Thoughts and such

Thursday, August 25, 2005

If these are the best days of our lives, then I give up. It's starting to seem like, everyday, my life is getting worse. I wake up everyday, seeing it as a new one. This morning, my parents get in an arguement, I get yelled at, I tell myself it's not my problem, get in my Jeep, and drive. I get to school, I'm starting to feel ill, possibly allergies, I don't know, (stuffy nose, sore throat, fever) all of that fun stuff, anyways, I keep a smile on my face, head to class chipper as ever. I s'pose things go alright for then. Then we had pictures, and i'm quite positive mine look bad, I was distracted. Then at math, I understand none of it, which isn't good for someone interested in engineering. Lunch, was alright, although this one gay kid keeps waving and smiling at me. Chemistry was ok, I learned how to measure! Studyhall was iffy, i'm now an office helper, which is alright I guess. Then band, which was ok, but unfortunately, I saw that person there. The person who has clouded my previous two blogs. The official answer is "no", incase you didn't know. Well, that's two years of thought down the proverbial shitter. A good rule of thumb, if you can't do it in a reasonable amount of time, don't do it. I think i'd be happier if I hadn't have brought it up. Now, my opinion of all women is somewhat lowered. All of them are caniving bitches just waiting to emotionally attack you and make you feel stupid and worthless. I'm looking for something to keep me cheery, or at least not sad, but it's getting hard to do. Not going to take the drug route, only leads to more problems. I don't think a radical social class change would help at all, probably just confuse me, and I'd have to remember more names. Umm. . . . . . . . . . I haven't had any time to play videogames, but they're getting generally boring. I have close to uhh, wow, I completely forgot what I was going to type.

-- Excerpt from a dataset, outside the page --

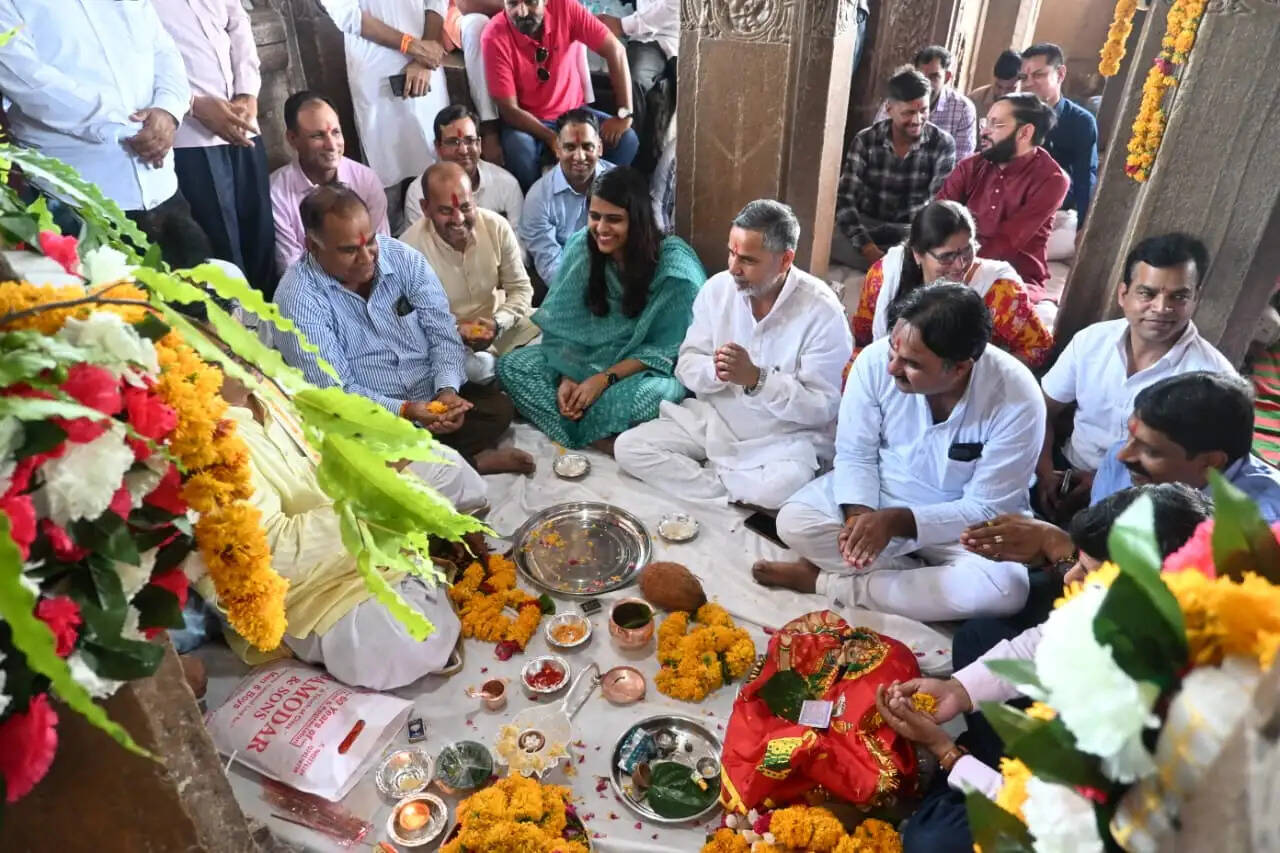 कालिका माता मंदिर में हुई पूजा-अर्चना एवं महाआरती, राष्ट्र की समृद्धि व प्रधानमंत्री के उत्तम स्वास्थ्य की कामना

I can't even say, "at least I have my health." Well, technically I could say it, but it wouldn't mean anything. A lot of things don't mean anything anymore. *sigh* I wonder what Aerostatle, or Plato would do in my situation. What a boring thought. Even my thoughts are boring. I guess for now I can say, "at least I have my sanity," and yeah, I still do. It'll take more than 16 years of unfortunancy to break my will. Come on world, show me what you've got!